10月10日
1999年10月10日

「人をさばくな」

ルカによる福音書6:37-42


 主イエスは天の父の愛をわたしたちの世界にもたらしてくださいました。では、

その愛の具体的な展開の仕方は、どのようであるか。「人を裁くな。そうすれば、

あなた方も裁かれることはない。人を在任だと定めるな。そうすれば、あなた方も

罪人だと決めつけられるとこはない。赦しなさい。そうすれば、与えられる。」単

純にして明快。見返りを求めない主体的な愛を実践する世界は、実に相対的で対等

の世界です。裁くものは裁かれる。赦さないものは赦されない。これはわたしたち

が常識としている世界とは違います。人間には正しい人間と悪い人間がいて、正し

い人間の裁きは正しく、悪い人間の裁きは正しくない。人間には高度の人間と低次

の人間がいて、低次の人間の裁きには高度の人間の裁きは計り知れないが、その裁

きには従わなければならない、人間社会はこのような常識を育ててきました。裁き

は、したがって、文化的なまた最も高度な精神的な行為の一つです。しかし、主イ

エスの人間に対する判断は違っています。裁くものは裁かれる、そのような相対的

な関係が生きているに過ぎない。だから、「人を裁くな。
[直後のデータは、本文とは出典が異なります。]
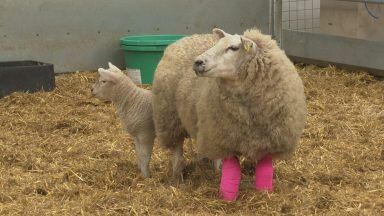 Farmer shares images of ewe’s dog attack injuries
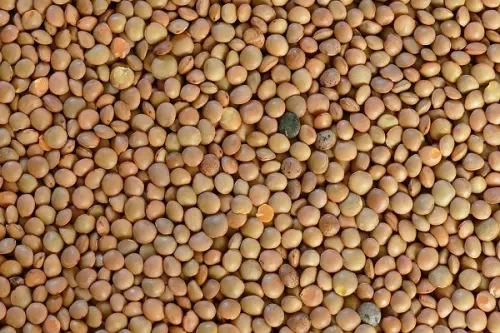 Legumi secchi: quali sono e come cucinare i migliori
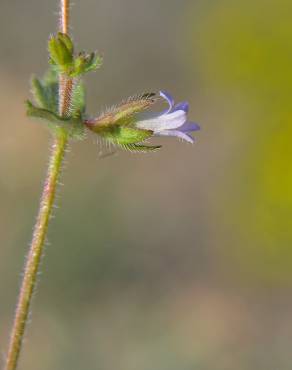 Fotografia 3 da espécie Campanula erinus no Jardim Botânico UTAD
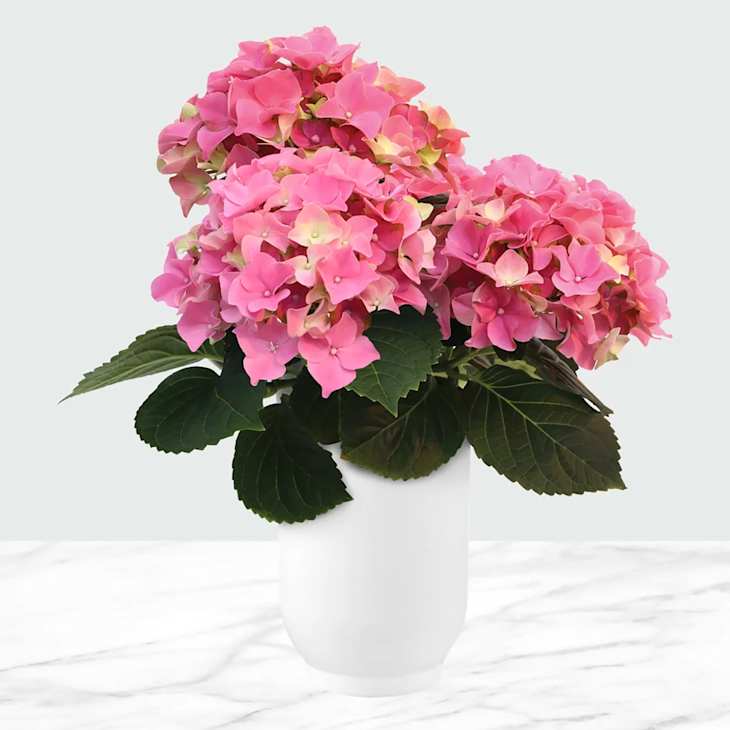 Costco Is Selling the Cutest $22 Potted Hydrangeas | Apartment Therapy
そうすれば、自分も裁か

れない」なのです。人を裁くこと、罪に定めることは神にその最終の権威があるこ

とであって、正邪の最終決定は人にはできません。

 主イエスの語られた同じ文章の中に、対等でない、相対的でない関係のことが語

られています。丸太とおが屑の関係、これは対等ではありません。つまり、自分の

目にある丸太と他者のの目にあるおが屑、これは全く比べものにならないほど大き

さが違いますが、それでも相手の目にあるおが屑を取らせてくださいというもので

あること、それほど自分を見る目と相手の欠点を見る目には偏りがあることを指摘

しているのです。また、「赦しなさい、そうすれば赦される。与えなさい、そうす

れば与えられる」につづいて、「押し入れ、揺すり入れ、あふれるほどの量りをよ

くして懐に入れてもらえる」とあります。これも対等ではありません。人に与える、

赦すという小さな行為は同等の見返りがあるばかりか、はるかに大きな報いがある

というのです。これらの対等と非対等の関係について知っていたら、どんなに世界

が広く見えることでしょう。この対等と非対等を知って日々の関係の中で生かすな

ら、どんなにやわらぎと癒しが広がるでしょう。